(Goal of the exercise):
Copy out every line of the data exactly; do not include the images.

(Supplied material):
++++++++++
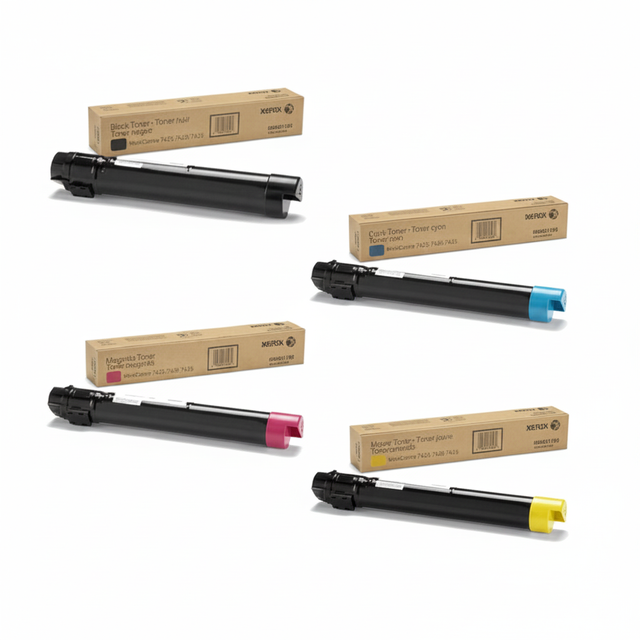 Xerox 6R1395 OEM Toner Set. B/C/M/Y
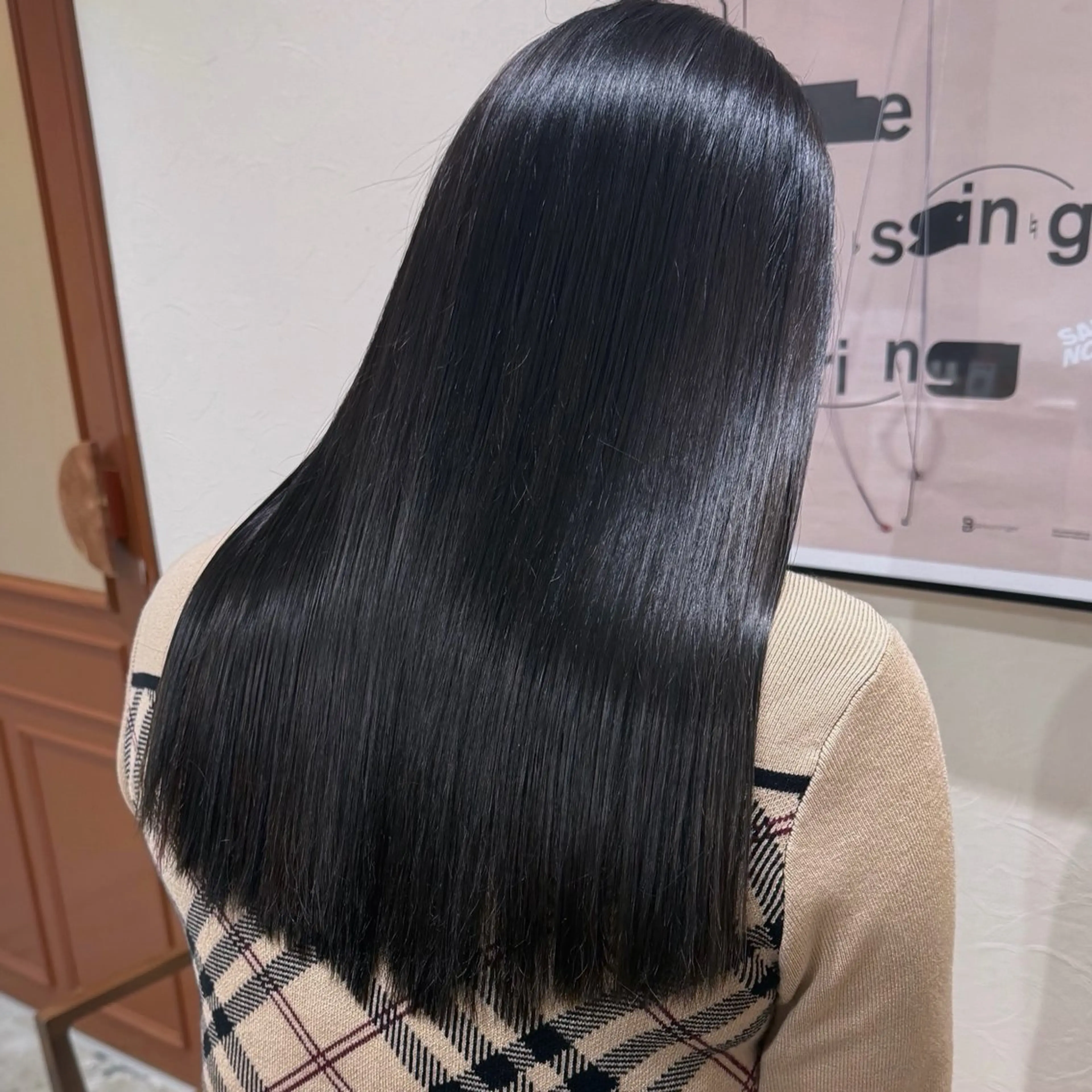 セミロング カラー カット ヘアカラー 縮毛矯正 ヘッドスパ 似合わせカラー×髪質 改善伏見/RIONAのヘアスタイル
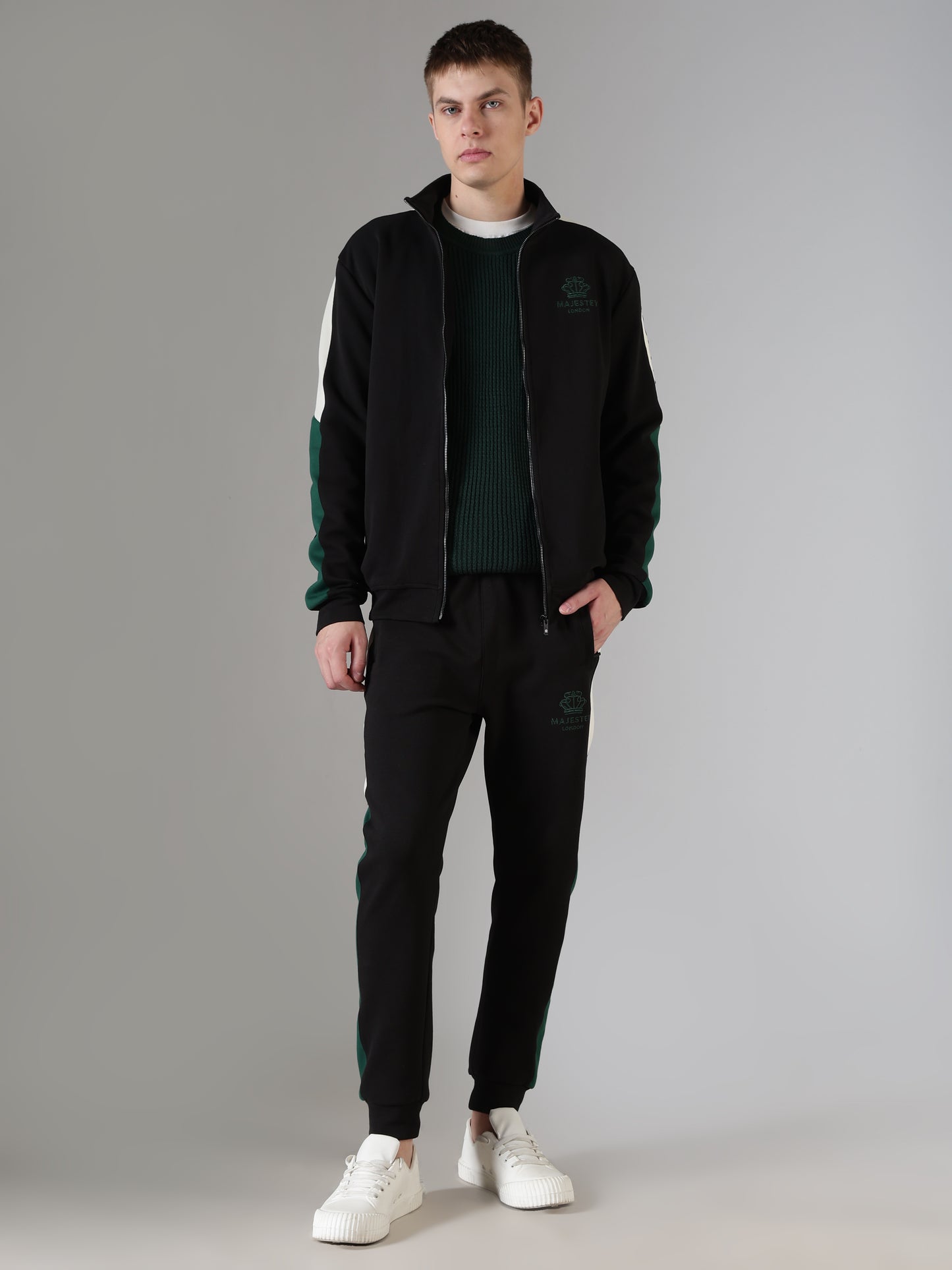 Black Crown Track Pants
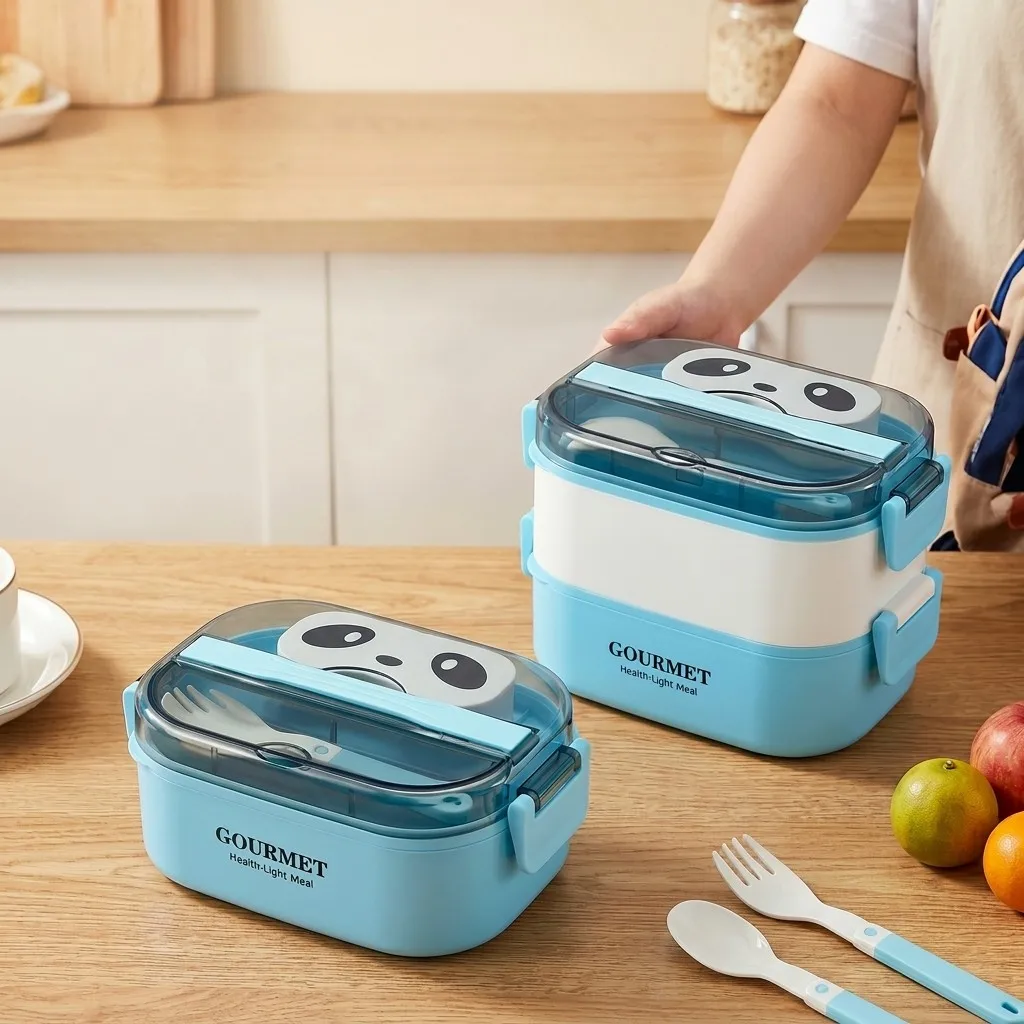 กล่องข้าวเบนโตะสำหรับเด็ก ใช้ก - Meal Prep Or Prep Meal บทวิจารณ์และราคา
++++++++++
(Exercise result):
 Xerox 6R1395 OEM Toner Set. B/C/M/Y
 セミロング カラー カット ヘアカラー 縮毛矯正 ヘッドスパ 似合わせカラー×髪質 改善伏見/RIONAのヘアスタイル
 Black Crown Track Pants
 กล่องข้าวเบนโตะสำหรับเด็ก ใช้ก - Meal Prep Or Prep Meal บทวิจารณ์และราคา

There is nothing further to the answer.